Ballot Language: In Re Linder, No. 03-19-00553-CV, 2019 WL 3978582 (Tex. App.—Austin Aug. 22, 2019) (mem. op.).This is a mandamus action seeking modification of ballot language of a proposition to adopt a citizen-initiated ordinance.
Linder and approximately 31,900 registered voters signed a citizen-initiated petition proposing an ordinance regarding the City of Austin’s use of revenue from hotel-occupancy taxes. The proposed ordinance generally required the city to spend 15 percent of hotel occupancy taxes on cultural arts and 15 percent on historic preservation; limit its spending on the convention center to 34 percent of the hotel-occupancy tax revenue; spend the remaining hotel-occupancy tax revenue to support and enhance the city’s cultural tourism industry; and obtain voter approval for the convention center improvement and expansion costing more than $20 million. The petition was certified, and the city prepared the ballot language that referenced “voter approval for Convention Center improvements or expansions of more than $20 million at an election for which the city must pay.” Linder filed a suit for mandamus asking the trial court to order the city to correct the ballot language so that it adequately describes the ordinance proposed by the citizen-initiated petition. Linder argued that the proposed ballot language includes extraneous and misleading information regarding election costs, and fails to inform voters that under the proposed ordinance, hotel-occupancy tax revenue would be redirected from the convention center to cultural, arts, and other tourism-related programs.

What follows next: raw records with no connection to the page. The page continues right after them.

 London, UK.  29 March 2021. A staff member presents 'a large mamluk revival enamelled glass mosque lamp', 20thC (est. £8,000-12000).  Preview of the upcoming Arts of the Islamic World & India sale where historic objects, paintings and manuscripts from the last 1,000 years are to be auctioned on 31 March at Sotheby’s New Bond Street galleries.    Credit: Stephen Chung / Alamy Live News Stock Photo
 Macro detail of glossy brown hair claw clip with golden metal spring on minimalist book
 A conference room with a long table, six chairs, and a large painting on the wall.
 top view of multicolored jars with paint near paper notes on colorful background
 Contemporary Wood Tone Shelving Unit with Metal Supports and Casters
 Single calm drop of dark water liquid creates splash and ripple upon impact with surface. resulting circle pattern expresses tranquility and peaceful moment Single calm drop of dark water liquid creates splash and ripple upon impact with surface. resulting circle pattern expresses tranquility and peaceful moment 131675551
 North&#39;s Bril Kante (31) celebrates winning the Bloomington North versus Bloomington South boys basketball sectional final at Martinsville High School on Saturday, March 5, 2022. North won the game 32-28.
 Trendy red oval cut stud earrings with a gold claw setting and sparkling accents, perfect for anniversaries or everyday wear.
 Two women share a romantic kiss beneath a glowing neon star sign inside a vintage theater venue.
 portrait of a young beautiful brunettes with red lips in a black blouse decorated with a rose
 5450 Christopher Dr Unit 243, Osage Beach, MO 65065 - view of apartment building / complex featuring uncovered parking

The court found that the ballot language affirmatively misrepresents future election costs associated with the ordinance because there is no requirement under the proposed ordinance that the election to approve the convention center’s improvement and expansions costs of more than $20 million be held within a given time. Additionally, the court found that the ballot language omits a chief feature of the proposed ordinance – that the ordinance would require the city to prioritize the spending of hotel-occupancy tax revenue on arts, historic preservation, and the city’s cultural tourism industry. As a result, the court found that the city had abused its discretion.
Time Payment Fee: Dulin v. State, Nos. 03-18-00523-CR; 03-18-00524-CR, 2019 WL 3807866 (Tex. App.—Austin Aug. 14, 2019). This is an appeal challenging the constitutionality of the time payment fee assessed against a defendant convicted of two offenses in a single criminal action.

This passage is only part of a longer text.